‘Tis the decade for stress free dating. Everyone wants instant gratification, a quick romance fix. Sites like eHarmony and Match are booming with lonely hearts hoping to e-connect with their soul mate. If that’s what floats your boat, by all means keep a-floating. Recently one of those single and looking guys hit my friend with the dreaded question: ‘you have any single friends?’
Guess who the lucky blind date contestant turned out to me. You got it! It all started with a missed call from an unknown number. I recognized the area code, but the next 7 digits were a puzzle. A New York number? I check the voicemail. Some guy who knew my name and asked me to call him back. I call back and we converse a while. Nothing major, just me trying to figure out who in the hell he is.

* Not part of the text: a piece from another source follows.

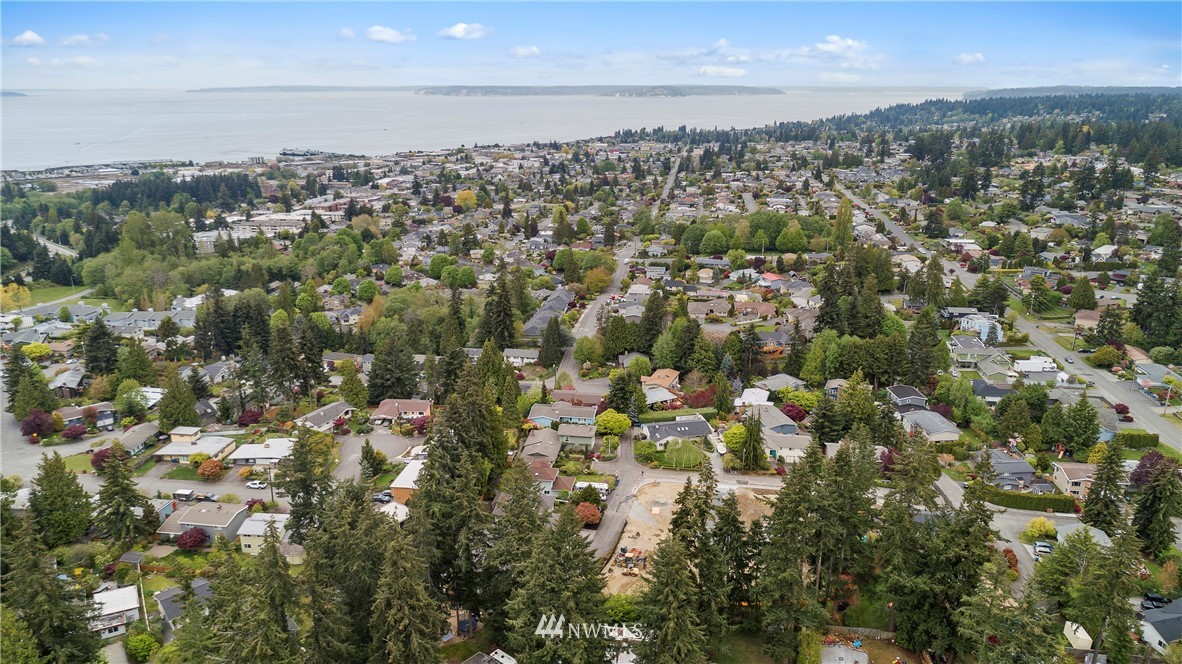 707 13th Way Southwest Edmonds, WA 98020 - Photo 25 of 25 Gallery Image 25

The guy runs down his life story and how he got my number from my friend. Great. Sounds innocent enough right? Well, for the first 2 days it was. I ignored the calls and didn’t return the texts. Not interested dude. Get a hint. Now, things are starting to get strange. He calls me at 7am EVERYDAY and texts me using the word ‘us.’ WTF dude? You don’t even know my last name! To top it all off Mickey McCreepster just got out of jail after doing 3 years! Oh no. I don’t do conjugal visits and I’m not putting money on your books.
Ladies, listen to what I say. Don’t put your friends in a screwy situation with an ex con. Matter of fact, don’t give out a girl’s number if you consider her a friend of any sort. You don’t want your good intentions to come back and bite you in the ass. Trust. My friend is still rubbing the teeth marks out of her butt cheek flesh right now.